The Lost City of Z

Le bois dont les rêves sont faits

Après dix ans de tentatives avortées, James Gray parvient enfin à réaliser son film le plus ambitieux, tournant aussi majeur qu’inattendu dans
une œuvre d’une maturité toujours plus impressionnante après seulement six films.

Du début du siècle à l’entre-deux-guerres, la quête d’une légendaire cité dans la jungle amazonienne va mener l’explorateur Percy Fawcett aux limites du monde connu. Au fil d’allers-retours entre le monde sauvage et l’Angleterre, la force d’attraction de l’aventure va l’éloigner des siens, au risque de le perdre.

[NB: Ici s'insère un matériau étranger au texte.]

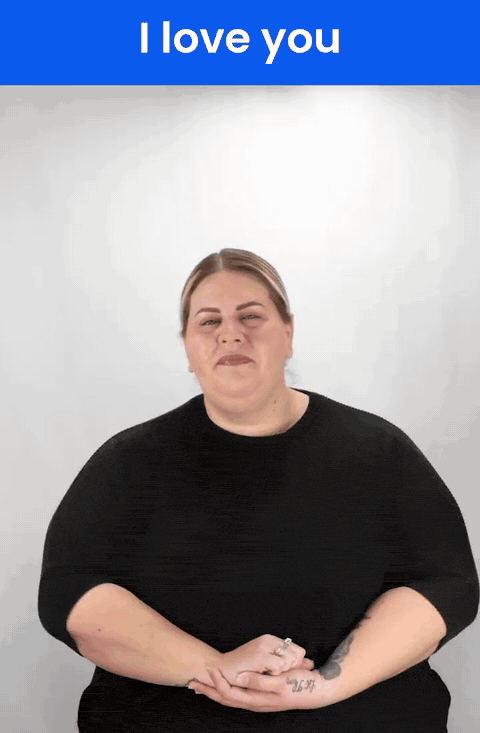 Animated GIF: a Deaf signer signs I LOVE YOU in ASL, thumb, index finger and pinky raised with the palm out.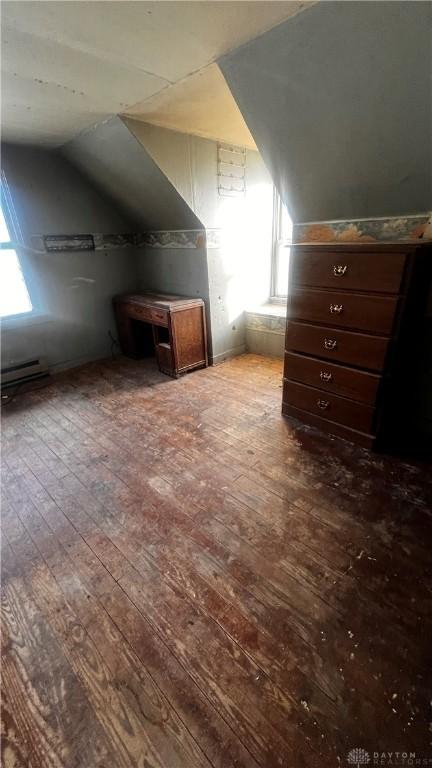 bonus room with vaulted ceiling, a baseboard heating unit, and hardwood / wood-style floors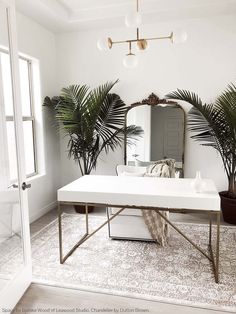 a white table and mirror in a room with potted plants on the floor next to it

À une époque où la moindre réussite estimable peut se voir cataloguer « film-de-l’année », et où les injonctions superlatives font trop souvent office de réflexion critique (qu’on se souvienne du déjà culte « IMPOSSIBLE DE NE PAS AIMER ! » hurlé sur les affiches du plaisant La La Land…), il faut savoir reconnaître sereinement les œuvres rares qui bouleversent les codes de genres et de récits archétypaux, et proposent un récapitulatif de plusieurs décennies d’histoire du cinéma, pour défricher de nouvelles pistes d’explorations. The Lost City of Z, film longtemps maudit, dont il était possible de craindre que le résultat ne souffre de sa chaotique et interminable gestation, est de ceux-là.

Jamais aussi éloigné de toute mode, James Gray continue de tracer un sillon sans commune mesure dans le cinéma américain contemporain, ressuscitant des visions que l’on croyait ne plus jamais revoir sur un écran. Au rythme de la remontée du fleuve, les fantômes d’un cinéma de démiurges viennent à la rencontre du cinéaste new-yorkais, dont aucun des films précédents ne pouvait laisser imaginer une telle inspiration épique, un tel besoin d’ailleurs. Il y a du Coppola, du Herzog période Kinski, jusqu’à de subtils échos du Stroheim des Rapaces dans la peinture de cette folie lente qui consume le héros et ses compagnons. Mais aussi du Visconti lorsque sa caméra capte la décomposition d’une société aristocratique, inconsciente de son agonie dans l’atmosphère viciée de boudoirs enfumés. Pourtant, le film reste de bout en bout reconnaissable entre mille comme une pièce maîtresse de la filmographie du seul James Gray, tant aucune de ces références ne vient encombrer sa vision éminemment personnelle. Il y est, comme toujours, question de complexes relations filiales, et de la difficulté à trouver sa place dans un monde obscur et indéchiffrable. Prenant à contre-pied toutes les attentes, l’aventure chez Gray est avant tout intérieure, et se déploie à travers les conflits qui déchirent le cœur des hommes. Avec une suprême élégance, il met en scène un film épique d’un genre nouveau, où les héros ne s’expriment que par murmures, plongeant le spectateur dans une atmosphère cotonneuse, de celles qui nimbent les rêves les plus entêtants, d’une infinie douceur jusque dans les scènes de confrontations les plus violentes. L’immersion est totale, sans jamais avoir recours au coup de force technique ou au numéro d’acteur ostentatoire. L’anti-The Revenant en somme, à un an d’intervalle.

Des salons enfumés d’une Angleterre scléroséedans ses réflexes de classe aux touffeurs vénéneuses de la forêt amazonienne, James Gray épouse la quête de son héros en l’enserrant dans les cercles concentriques de plus en plus étouffants de son obsession. Avec l’aide du génie de la lumière Darius Khondji, sûrement le plus grand chef-opérateur vivant, le réalisateur gonfle les voiles de sa pellicule argentique pour mieux rendre à l’image le poids et la densité du temps d’avant le numérique, et lui imprimer une patine intemporelle, semblant parfois enregistrer les lueurs de la première aube du monde.

Au faîte de sa maturité d’homme et de cinéaste, James Gray semble n’avoir jamais été aussi proche d’une forme d’harmonie, et nous rappelle notre chance d’être les témoins d’une telle œuvre en construction.